> Task to carry out
Your answer must be an exact copy of the records below, minus the pictures.

> Entries provided
·····
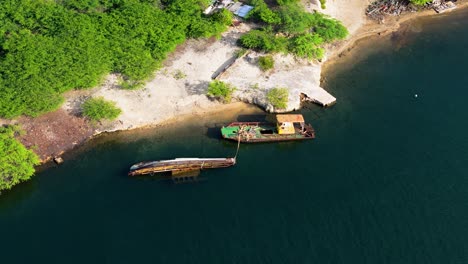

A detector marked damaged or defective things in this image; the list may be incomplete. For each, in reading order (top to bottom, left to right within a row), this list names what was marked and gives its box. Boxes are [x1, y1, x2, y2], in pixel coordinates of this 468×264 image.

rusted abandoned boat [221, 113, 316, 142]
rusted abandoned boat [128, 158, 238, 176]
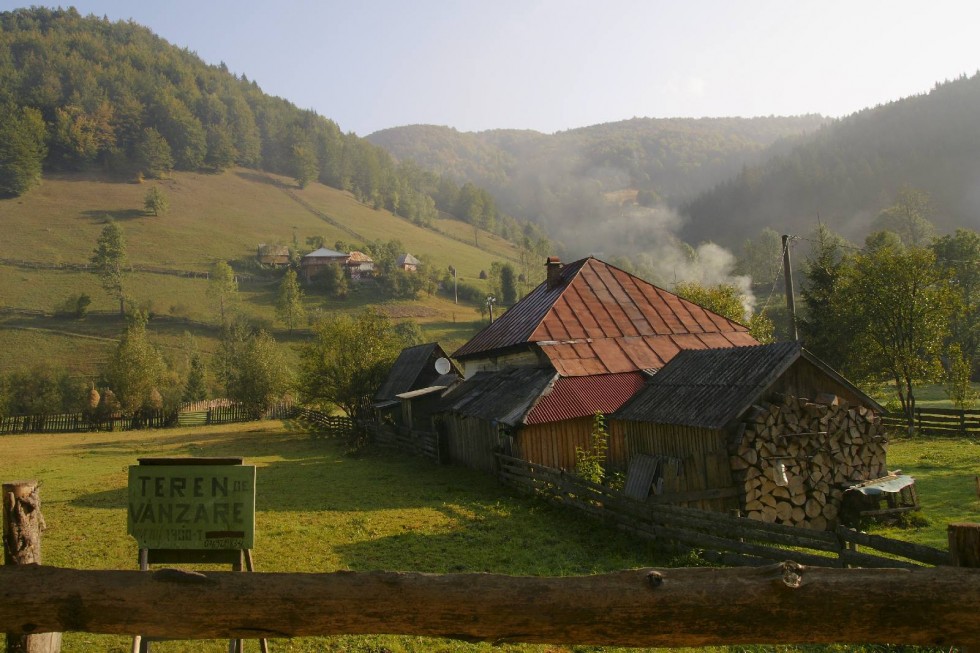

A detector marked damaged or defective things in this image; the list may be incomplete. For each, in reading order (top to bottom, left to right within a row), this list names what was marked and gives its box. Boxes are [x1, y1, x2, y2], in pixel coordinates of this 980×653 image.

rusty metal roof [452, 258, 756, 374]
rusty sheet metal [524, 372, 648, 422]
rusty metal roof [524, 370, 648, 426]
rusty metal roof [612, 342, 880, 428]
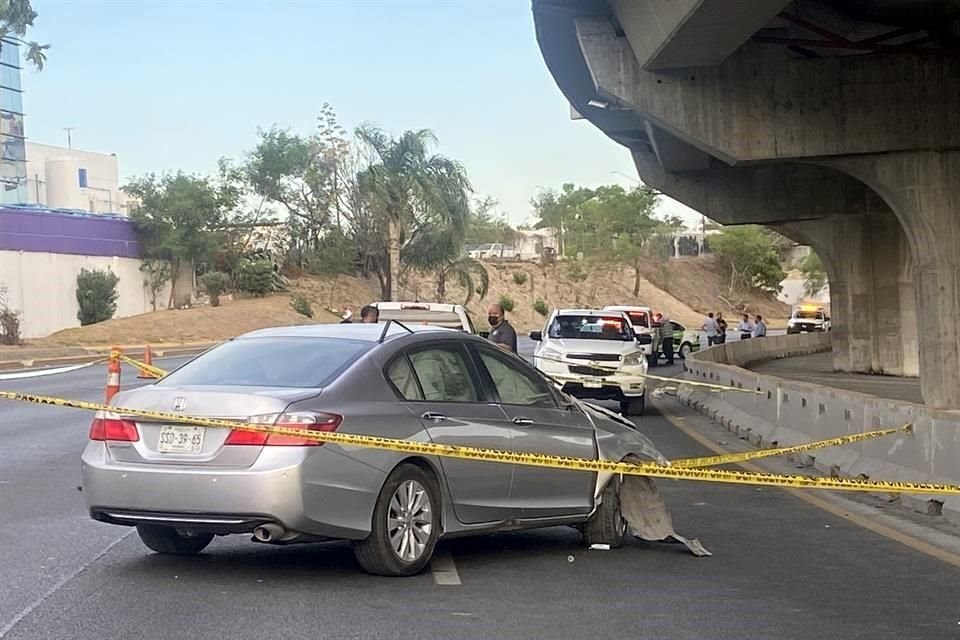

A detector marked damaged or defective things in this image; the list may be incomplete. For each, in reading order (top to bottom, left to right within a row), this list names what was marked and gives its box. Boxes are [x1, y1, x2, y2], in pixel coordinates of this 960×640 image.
·····
> Answer to this task
A detector marked damaged or defective things in this image; the list may be incomplete. For each, in reading order (top to bottom, left to right within a row), this list names what was marked and gives its box. Boxes are [x1, y1, x2, y2], in pixel coordinates of this 468×264 image.

rusted abandoned boat [221, 113, 316, 142]
rusted abandoned boat [128, 158, 238, 176]

A detector marked damaged or defective things in this image; the list may be incomplete. For each, in reading order (top to bottom, left to right within a row), this list names what was marked and gives its box. Boxes are [x1, y1, x2, y2], in pixel coordinates of this 980×653 image.

rusty metal roof [452, 258, 756, 374]
rusty sheet metal [524, 372, 648, 422]
rusty metal roof [524, 370, 648, 426]
rusty metal roof [612, 342, 880, 428]

A detector marked damaged or defective things in this image; the list may be incomplete. For each, in reading order (top to bottom, left to right within a row), this list names what was marked and gives its box. Boxes are [x1, y1, x2, y2], in pixel coordinates of this 960×640 image.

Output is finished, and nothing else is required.